REQUIREMENT = Once a line is found to contain "Snapshot", copy it out of the listing.

INFORMATION GIVEN =

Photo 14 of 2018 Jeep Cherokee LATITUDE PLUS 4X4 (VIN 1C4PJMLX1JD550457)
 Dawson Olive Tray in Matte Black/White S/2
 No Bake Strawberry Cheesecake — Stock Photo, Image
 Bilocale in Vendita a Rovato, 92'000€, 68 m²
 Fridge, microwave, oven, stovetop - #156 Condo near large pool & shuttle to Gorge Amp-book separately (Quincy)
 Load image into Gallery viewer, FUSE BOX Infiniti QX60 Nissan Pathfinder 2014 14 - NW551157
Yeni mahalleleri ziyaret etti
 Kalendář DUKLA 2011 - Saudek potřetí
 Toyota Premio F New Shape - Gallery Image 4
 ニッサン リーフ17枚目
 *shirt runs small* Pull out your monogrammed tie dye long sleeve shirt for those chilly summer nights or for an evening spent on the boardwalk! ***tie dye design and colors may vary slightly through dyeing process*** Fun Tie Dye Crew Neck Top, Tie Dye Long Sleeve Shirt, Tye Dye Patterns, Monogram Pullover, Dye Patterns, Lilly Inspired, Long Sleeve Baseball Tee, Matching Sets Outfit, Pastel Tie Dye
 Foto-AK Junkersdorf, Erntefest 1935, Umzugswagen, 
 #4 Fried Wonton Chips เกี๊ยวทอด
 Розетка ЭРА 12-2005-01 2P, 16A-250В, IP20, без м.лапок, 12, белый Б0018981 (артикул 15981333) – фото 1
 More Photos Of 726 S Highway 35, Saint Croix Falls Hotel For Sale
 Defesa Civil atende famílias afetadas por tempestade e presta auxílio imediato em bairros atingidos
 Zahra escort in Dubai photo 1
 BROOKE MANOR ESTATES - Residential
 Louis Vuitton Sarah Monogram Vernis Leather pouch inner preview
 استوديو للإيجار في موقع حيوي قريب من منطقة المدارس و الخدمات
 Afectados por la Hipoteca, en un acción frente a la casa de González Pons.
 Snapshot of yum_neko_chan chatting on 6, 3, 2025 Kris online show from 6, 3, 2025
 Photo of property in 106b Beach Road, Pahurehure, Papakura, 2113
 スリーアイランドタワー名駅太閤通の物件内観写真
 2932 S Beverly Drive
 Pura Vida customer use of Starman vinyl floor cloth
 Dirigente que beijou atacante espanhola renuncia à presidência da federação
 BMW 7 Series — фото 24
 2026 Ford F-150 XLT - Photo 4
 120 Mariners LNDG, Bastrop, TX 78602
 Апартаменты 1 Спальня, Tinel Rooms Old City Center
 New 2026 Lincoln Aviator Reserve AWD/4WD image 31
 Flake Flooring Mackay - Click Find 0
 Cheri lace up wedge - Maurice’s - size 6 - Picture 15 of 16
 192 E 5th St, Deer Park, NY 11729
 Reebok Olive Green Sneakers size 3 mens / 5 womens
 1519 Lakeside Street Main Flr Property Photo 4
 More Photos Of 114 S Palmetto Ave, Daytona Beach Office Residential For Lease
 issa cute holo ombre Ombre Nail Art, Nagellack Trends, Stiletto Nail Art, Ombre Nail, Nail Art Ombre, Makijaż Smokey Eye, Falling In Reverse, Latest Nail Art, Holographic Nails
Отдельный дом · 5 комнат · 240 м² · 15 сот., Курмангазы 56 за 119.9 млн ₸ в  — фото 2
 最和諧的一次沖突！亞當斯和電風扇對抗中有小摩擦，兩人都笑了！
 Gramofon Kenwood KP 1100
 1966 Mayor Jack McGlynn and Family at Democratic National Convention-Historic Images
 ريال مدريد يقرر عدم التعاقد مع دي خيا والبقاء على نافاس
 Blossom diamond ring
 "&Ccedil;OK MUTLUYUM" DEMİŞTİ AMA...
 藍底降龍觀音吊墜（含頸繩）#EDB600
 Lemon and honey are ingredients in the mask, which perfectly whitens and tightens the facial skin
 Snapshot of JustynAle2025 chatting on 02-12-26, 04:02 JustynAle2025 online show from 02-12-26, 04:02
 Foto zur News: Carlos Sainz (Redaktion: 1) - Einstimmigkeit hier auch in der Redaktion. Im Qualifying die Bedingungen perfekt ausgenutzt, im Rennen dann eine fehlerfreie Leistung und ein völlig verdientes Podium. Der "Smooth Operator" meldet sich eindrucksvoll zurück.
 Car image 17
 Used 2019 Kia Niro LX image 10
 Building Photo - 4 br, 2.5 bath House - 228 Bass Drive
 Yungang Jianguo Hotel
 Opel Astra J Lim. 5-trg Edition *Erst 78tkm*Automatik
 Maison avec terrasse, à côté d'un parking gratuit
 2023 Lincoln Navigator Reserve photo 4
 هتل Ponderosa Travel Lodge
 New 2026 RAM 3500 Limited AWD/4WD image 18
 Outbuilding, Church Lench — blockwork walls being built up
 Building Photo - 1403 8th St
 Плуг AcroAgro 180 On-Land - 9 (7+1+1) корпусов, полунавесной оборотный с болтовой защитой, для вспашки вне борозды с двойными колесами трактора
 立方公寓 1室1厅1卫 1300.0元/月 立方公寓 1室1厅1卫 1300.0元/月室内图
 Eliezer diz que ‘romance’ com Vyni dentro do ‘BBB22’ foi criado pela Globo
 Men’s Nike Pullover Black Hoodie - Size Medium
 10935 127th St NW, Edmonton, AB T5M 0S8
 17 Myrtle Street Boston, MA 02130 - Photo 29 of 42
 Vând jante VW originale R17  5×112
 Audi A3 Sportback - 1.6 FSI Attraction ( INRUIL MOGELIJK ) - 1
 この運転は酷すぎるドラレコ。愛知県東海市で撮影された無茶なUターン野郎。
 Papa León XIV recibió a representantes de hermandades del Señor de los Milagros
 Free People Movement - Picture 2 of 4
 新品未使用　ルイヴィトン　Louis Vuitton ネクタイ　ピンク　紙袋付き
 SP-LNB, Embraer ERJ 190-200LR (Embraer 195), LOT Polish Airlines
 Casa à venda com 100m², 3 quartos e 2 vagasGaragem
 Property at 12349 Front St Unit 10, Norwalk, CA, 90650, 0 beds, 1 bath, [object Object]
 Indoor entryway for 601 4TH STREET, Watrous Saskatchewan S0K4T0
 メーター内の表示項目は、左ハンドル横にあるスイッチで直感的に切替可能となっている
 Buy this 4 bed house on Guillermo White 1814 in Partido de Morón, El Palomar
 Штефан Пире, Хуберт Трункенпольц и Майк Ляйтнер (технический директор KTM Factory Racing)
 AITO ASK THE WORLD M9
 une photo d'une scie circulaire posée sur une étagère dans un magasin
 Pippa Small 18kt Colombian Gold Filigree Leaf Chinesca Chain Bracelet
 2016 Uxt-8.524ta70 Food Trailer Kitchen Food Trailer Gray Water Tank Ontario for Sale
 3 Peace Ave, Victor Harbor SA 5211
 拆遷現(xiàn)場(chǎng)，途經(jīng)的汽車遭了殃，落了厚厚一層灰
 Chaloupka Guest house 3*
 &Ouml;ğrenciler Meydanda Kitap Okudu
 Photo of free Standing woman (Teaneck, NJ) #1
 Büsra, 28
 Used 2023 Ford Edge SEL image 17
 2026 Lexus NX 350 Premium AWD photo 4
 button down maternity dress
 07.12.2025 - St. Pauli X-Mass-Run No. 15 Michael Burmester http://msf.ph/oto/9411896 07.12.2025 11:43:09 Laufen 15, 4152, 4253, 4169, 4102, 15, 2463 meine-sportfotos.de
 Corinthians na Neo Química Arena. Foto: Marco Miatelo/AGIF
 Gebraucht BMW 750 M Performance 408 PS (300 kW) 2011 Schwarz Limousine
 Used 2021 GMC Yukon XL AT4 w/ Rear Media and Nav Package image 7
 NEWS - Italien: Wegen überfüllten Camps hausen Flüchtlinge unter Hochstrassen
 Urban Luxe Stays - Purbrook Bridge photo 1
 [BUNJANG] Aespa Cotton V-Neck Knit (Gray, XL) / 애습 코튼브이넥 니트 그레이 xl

ANSWER SECTION =
 Snapshot of yum_neko_chan chatting on 6, 3, 2025 Kris online show from 6, 3, 2025
 Snapshot of JustynAle2025 chatting on 02-12-26, 04:02 JustynAle2025 online show from 02-12-26, 04:02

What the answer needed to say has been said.